Take, for example, statistics from the National Center for Health Statistics or from the Healthcare Financing Administration. These numbers can be very deceptive if you don't know where they come from. Not too long ago, a customer of ours was looking for the number of stents placed in coronary arteries in the United States. The government had a number that was nearly half that of some industry analysts. How could that be? Well, the government number was based on hospital discharge surveys, which statistically sampled ICD-9 codes (used for reimbursement purposes). Fair enough, but what one needs to know is that only the primary condition was coded; if the stent placement procedure was an also-ran, it was not included in the count. Also, if the patient had more than one stent inserted, this was counted as one. Add these basic flaws to the geographic variation of the sampling and the errors compound.

The same can be said for some pharmaceutical industry databases such as IMS. You have to know how the data are collected, and you have to account for the statistical methods used to arrive at the numbers. Is the information useful? Yes. Is it all you need to know? No. Numbers have a pedigree, and understanding that pedigree is the key to using them correctly.
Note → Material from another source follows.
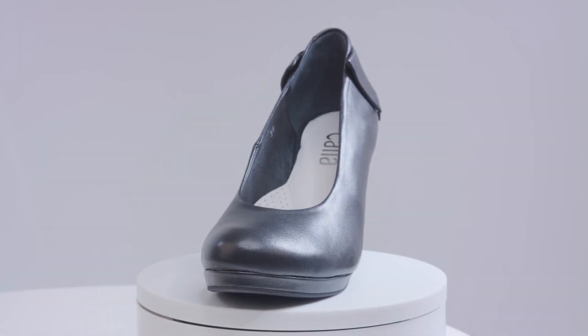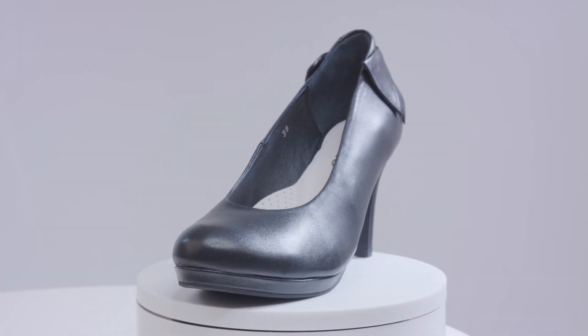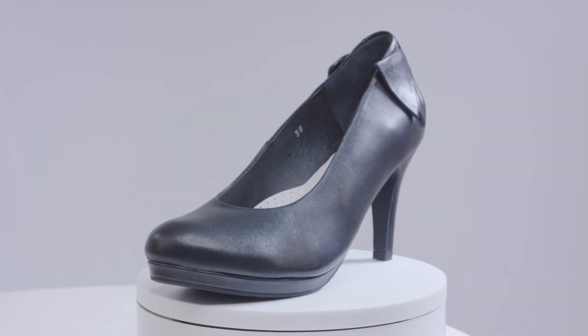The Sophia is fantastic for small to medium-sized bunions. There's extra volume and width across the toe box area, and the vamp is a little higher so that your bunion is tucked away inside.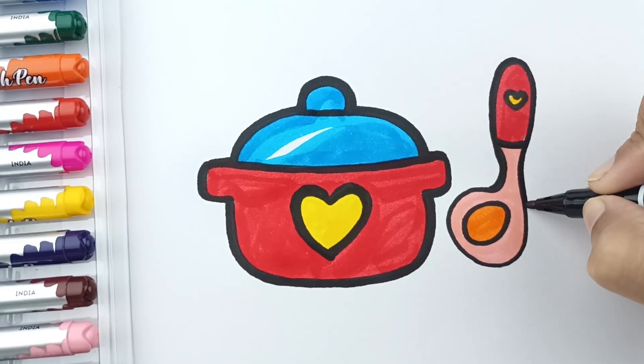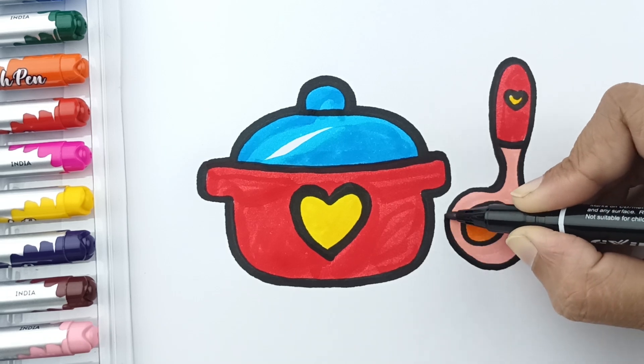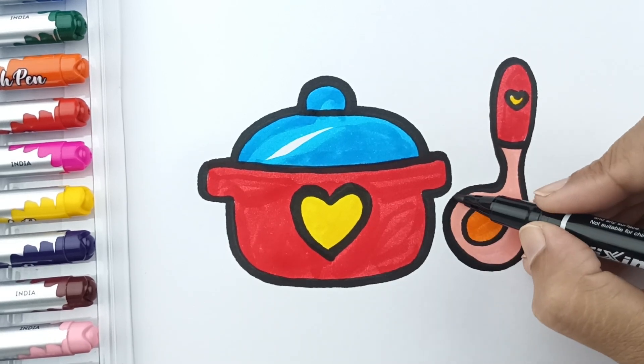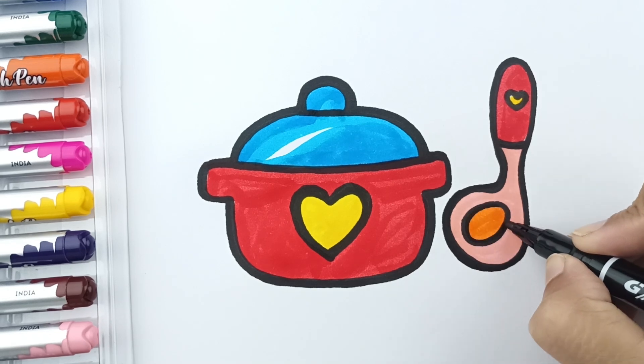My darling. Cats in the cream jar, ooh ooh ooh, cats in the cream jar, ooh ooh ooh, cats in the cream jar, ooh ooh ooh, skip to my loo, my darling Lulu.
Evaluating information: so what is it worth after all?

All these research steps make it clear that information is not at all getting easier to acquire and use - quite the contrary. Even when one finds relevant information from a reputable source, it takes expertise to evaluate what the source is really saying, so that it speaks in harmony with your other datasets.

The unregulated free-for-all that is the Internet has made tons of market data easy to come by, but good market research harder to come by. It is actually more difficult to find the useful information from reliable sources now that the number of vendors and outlets has grown beyond the proverbial haystack while at the same time the number of true primary sources has dwindled.

For example, our firm has seen the price of life science market research change quite a bit over the past few years. A few publishers have held the line on pricing, whereas some have increased their prices by more than 100 percent. During the same period, we've seen a fourfold increase in the number of life science research vendors in our database. More supply and still a higher cost! The reason is quite simply that meaningful market research is getting more and more difficult to glean.

In the end, the story is the same: market information is not cheap, and the advent of online sources of information has not made it less expensive to acquire. Indeed, it has made it more difficult to get solid, reliable information and to truly understand its implications. The perception that the online world represents a well of cheap, plentiful data is simply wrong, and the role of the experienced researcher with a critical eye is still very much in need.